ストレイジの和気あいあいとした……悪く言えば馴れ合った雰囲気など、絶対に迎合しないぞという強い意志を感じる。
そんな彼女に対して、やはりヨウコは若干の苦手意識を抱かざるを得ないのだった。
それはそうだろう。なにせ、ユウキの率いる空挺機甲群に無理矢理編入させられた時は、最新鋭機の専属パイロットとして随分と無茶な命令にも従事させられたものだ。
しかし……
ふと思い返せば、あの時はもっとこう……高圧的というか……取り付く島もないというか……
今のはあくまで、取り留めもない言葉の応酬を楽しんで、集中を欠いていた自分達に注意を促したに過ぎない。
「ナツカワ隊員、キングジョーのコンディションに問題はありませんね?」
『押忍! 今のところ問題ナシっス!』
「最終チェック完了。万全を期したとはいえ、初の試みですので不測の事態も有り得ます。くれぐれも気を抜かぬよう」
『お、押忍……』
通信機から聞こえるハルキの声は、明らかに訝しげだった。コックピットの中で首を捻っているのが手に取るように分かる。
それはヨウコも同じ気持ちと言えよう。今のユウキ隊員は、どうも自分達の中にある苛烈なイメージとは……

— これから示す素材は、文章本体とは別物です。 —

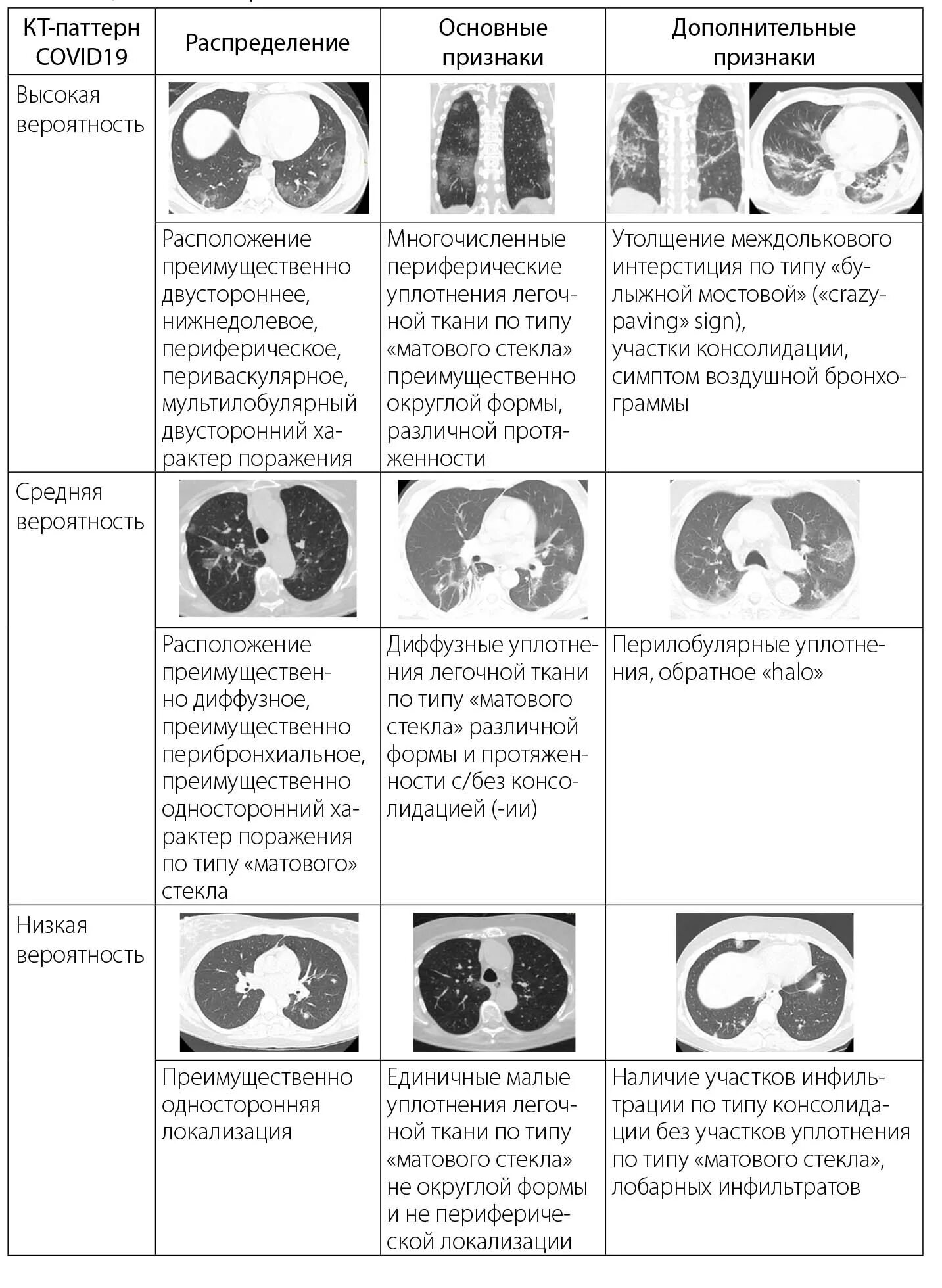 Кт 4 легкие. Степени вирусной пневмонии по кт. Стадии поражения легких по кт. Степени пневмонии на кт. Степени тяжести пневмонии по кт.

「ねぇ……なんか様子がヘンじゃない? ……まさか、またセレブロみたいな奴が取り付いてたり……」
「え……ヨウコ、あの人の今の階級知らないの? ヨウコの方がずっと上だよ?」
「え、嘘!? なんで? 前は隊長だったじゃん」
「いくらセレブロに誘導された結果とはいえ、ウルトロイドゼロを暴走させちゃったのは事実だしね。デストルドスが飛び回ったせいで、各国の基地も壊滅状態。なのに、解散したハズの私たちストレイジはこうして復活。お咎めもナシ。有り得ないでしょ?」
「え……じゃ、じゃあ……」
「そ、本当はクリヤマ長官の立場が一番ヤバかったらしいんだけど、『長官を失脚させるくらいならば!』って、あの人が全部の責任おっかぶったんだって。だからまた単なるイチ技術士官から再出発ってわけ。大変だあ~」
「……そうだったんだ……」
振り返ったヨウコは、かつての上官だった者の横顔をもう一度見た。
「キングジョー、テイクオフしてください」
『今度こそ、いってきまああーッす!!』
Dフォースゲートのリアルタイム数値を映し出すモニターを、じっと見つめる彼女の顔は真剣そのもの。そこに、自分達への悪意だとか、邪な気持ちは一切無い。
ただ一人の生真面目な技術屋がそこにいるだけである。
「なんだ、結構……」
……いいとこあんじゃん。
「どう? ヨウコ」
「どうって……なにが?」
「だってヨウコそういうの……好きでしょ」
「……」
ヨウコが思うのは、今現在のストレイジが陥っている深刻な人材不足について。
かつてのストレイジ実働部隊は……隊長、ヨウコ、ユカ、ハルキの四人体制だった。
それは各地の怪獣出現が活発になり、おまけに地球へゼット様がやってくるまで、ストレイジは問題ばかり起こす不良部署という扱いでしかなく、毎年予算や人員を削りに削られまくった結果、あんな少数精鋭にならざるを得なかったというのが実情である。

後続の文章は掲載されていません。